The Norwegian central bank reported yesterday that its world-leading social wealth fund surpassed $1 trillion in value for the first time in the second quarter of this year. The fund posted a 2.6 percent return during that quarter, beating its benchmark index by 0.3 percentage points.

The first half of this year has been the fund’s most successful half-year on record. It returned $63 billion of income, or $12,000 for every Norwegian citizen. At $1 trillion, the fund now holds $192,000 of wealth for every person in the country.

It took Norway a little over 20 years to grow the fund from nothing to $1 trillion. The fund now owns the stock of nearly 9,000 companies and owns around 1.3 percent of all of the publicly-traded equity in the world.

Norway’s global wealth fund gets a lot of attention because of its sheer size, but this attention can sometimes lead commentators to the wrong conclusions about the country’s economic model. The global wealth fund has grown to such heights as a direct result of the country’s enormous oil reserves. But the oil is not the only reason the country has such high levels of socialized wealth ownership.

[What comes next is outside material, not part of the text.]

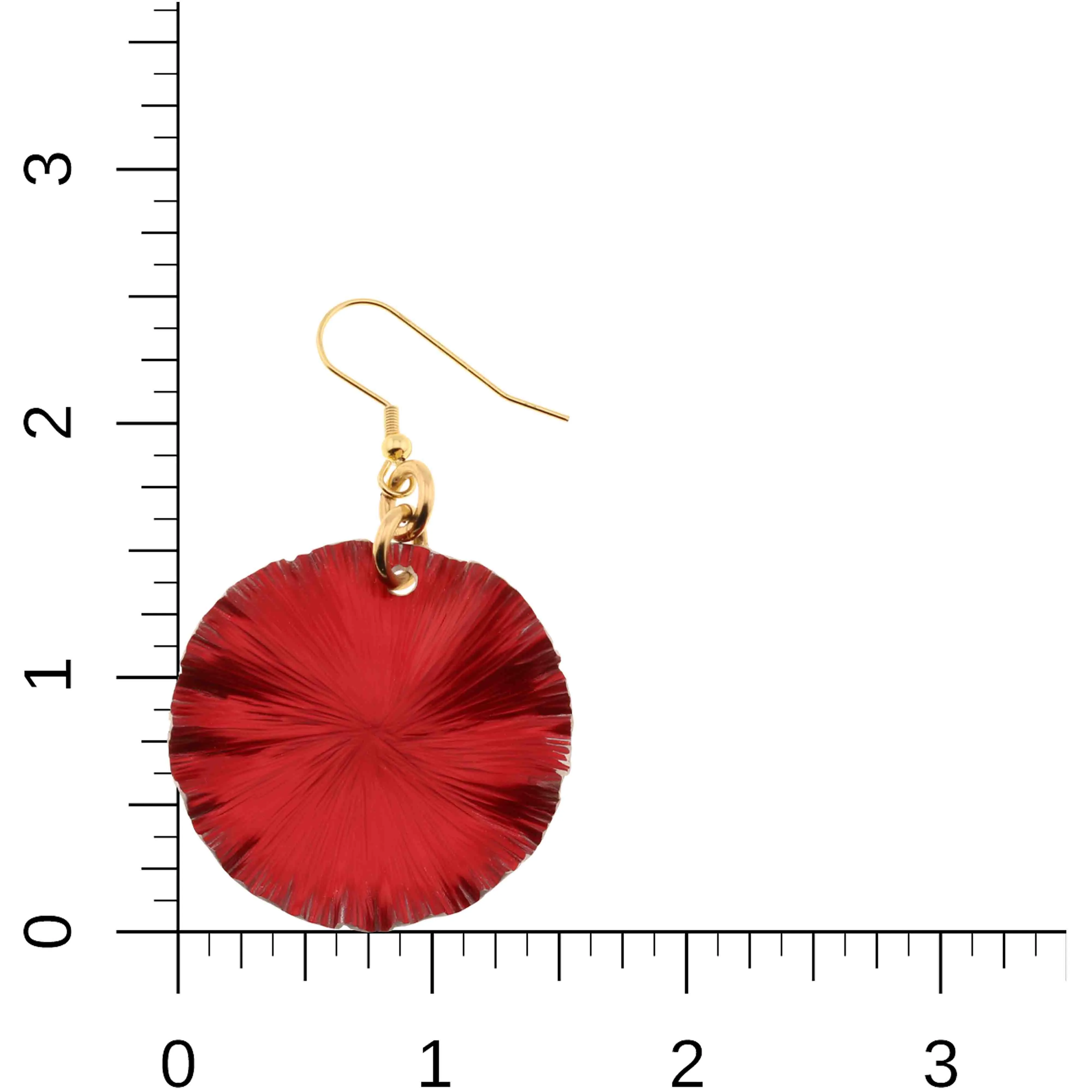 Medium Red Anodized Aluminum Lily Pad Earrings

In addition to its global wealth fund, Norway has a number of domestic wealth funds that have nothing to do with its oil revenues. The Folketrygdfondet is a domestic wealth fund that has been around since 1967, well before the discovery of oil. Its money is invested 85 percent in Norway and 15 percent in the other Nordic countries. Its assets total $27 billion and the fund, by itself, owns 5 percent of the equity on the Oslo stock exchange.

Other government entities own another 28 percent of the Oslo stock exchange, meaning that, altogether, governments in Norway own one-third of the domestic equity in the country. The market capitalization of the Oslo stock exchange stands somewhere around $309 billion, making the government’s one-third stake equal to around $103 billion, or one-third of the country’s annual GDP. This is more than the amount of domestic equity owned by private Norwegian individuals.

If by socialism we mean state ownership of the means of production, there is little doubt that Norway is the most socialist country in the developed world right now. It has combined high levels of state ownership with full employment, mass unionization, and a generous welfare state to create one of the best societies in the world. American policymakers would be wise to move in the Norwegian direction.